Action item:
Since only the text is wanted, print every entry below exactly and omit the images.

┄┄┄┄┄┄

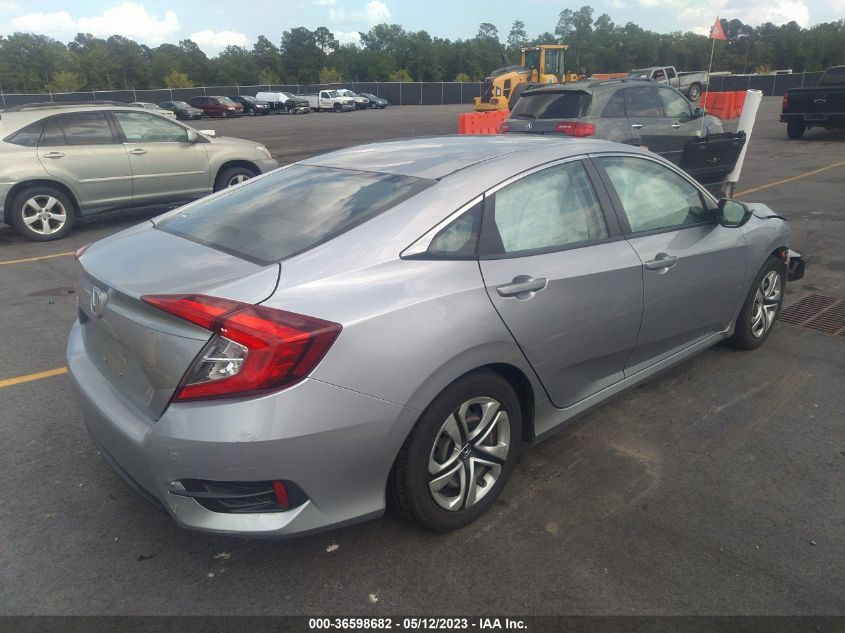 2017 HONDA CIVIC SEDAN LX - 19XFC2F54HE201032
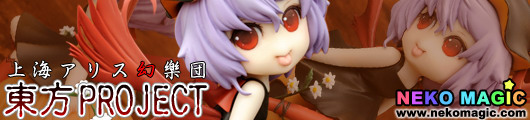 Touhou Project – Halloween Remii chan non scale PVC figure by quesQ Touhou Project – Halloween Remii chan non scale PVC figure by quesQ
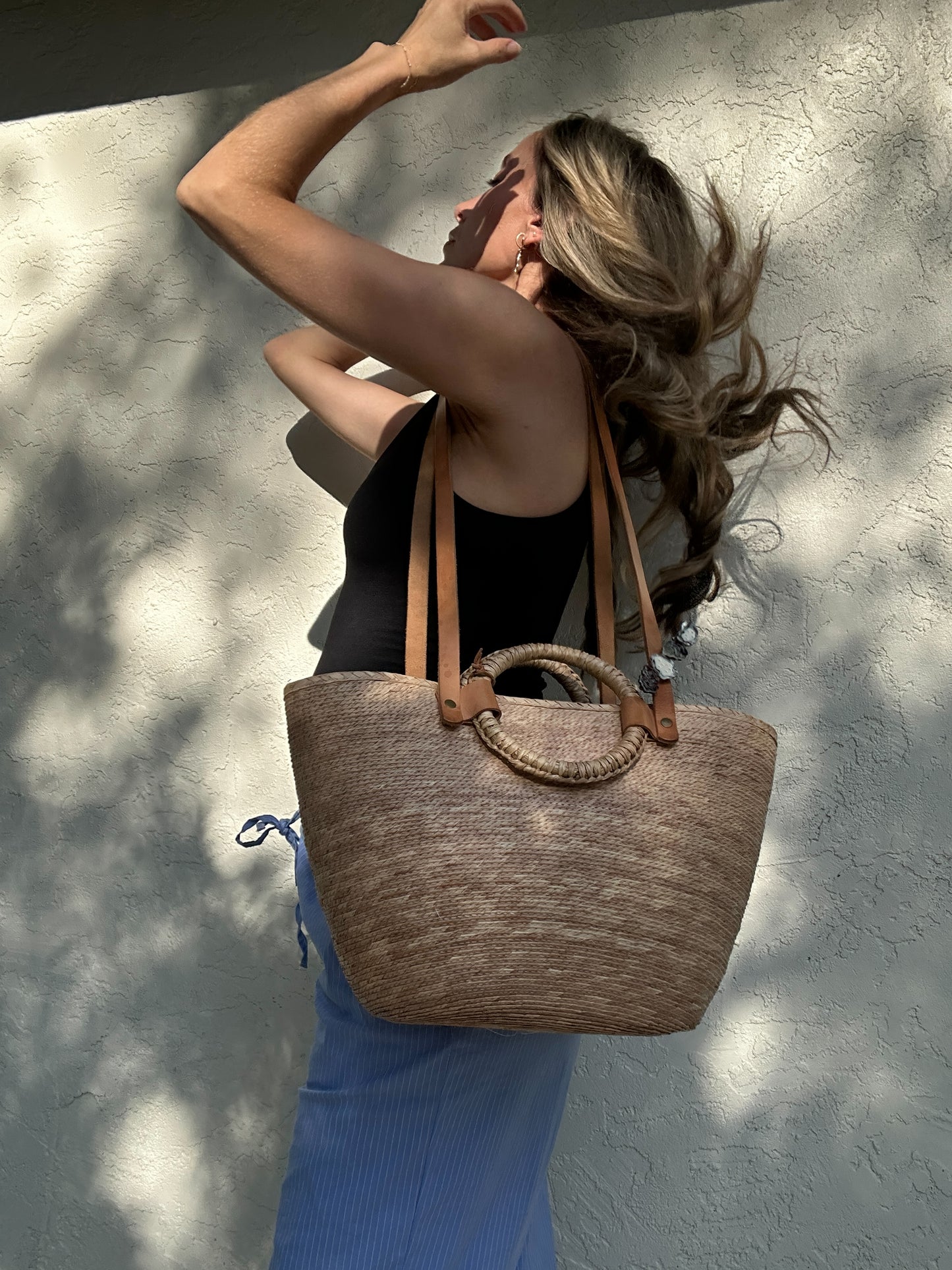 Mercado Collection - Tote Canasta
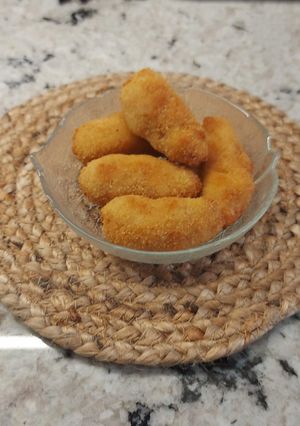 Una foto de Croquetas de Jamón 🍗 o de Gambas 🍤 en Robot Taurus Foodie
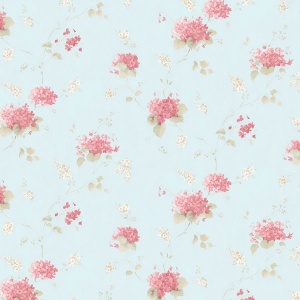 Hortensia Trail Wallpaper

┄┄┄┄┄┄

Reply:
 2017 HONDA CIVIC SEDAN LX - 19XFC2F54HE201032
 Touhou Project – Halloween Remii chan non scale PVC figure by quesQ Touhou Project – Halloween Remii chan non scale PVC figure by quesQ
 Mercado Collection - Tote Canasta
 Una foto de Croquetas de Jamón 🍗 o de Gambas 🍤 en Robot Taurus Foodie
 Hortensia Trail Wallpaper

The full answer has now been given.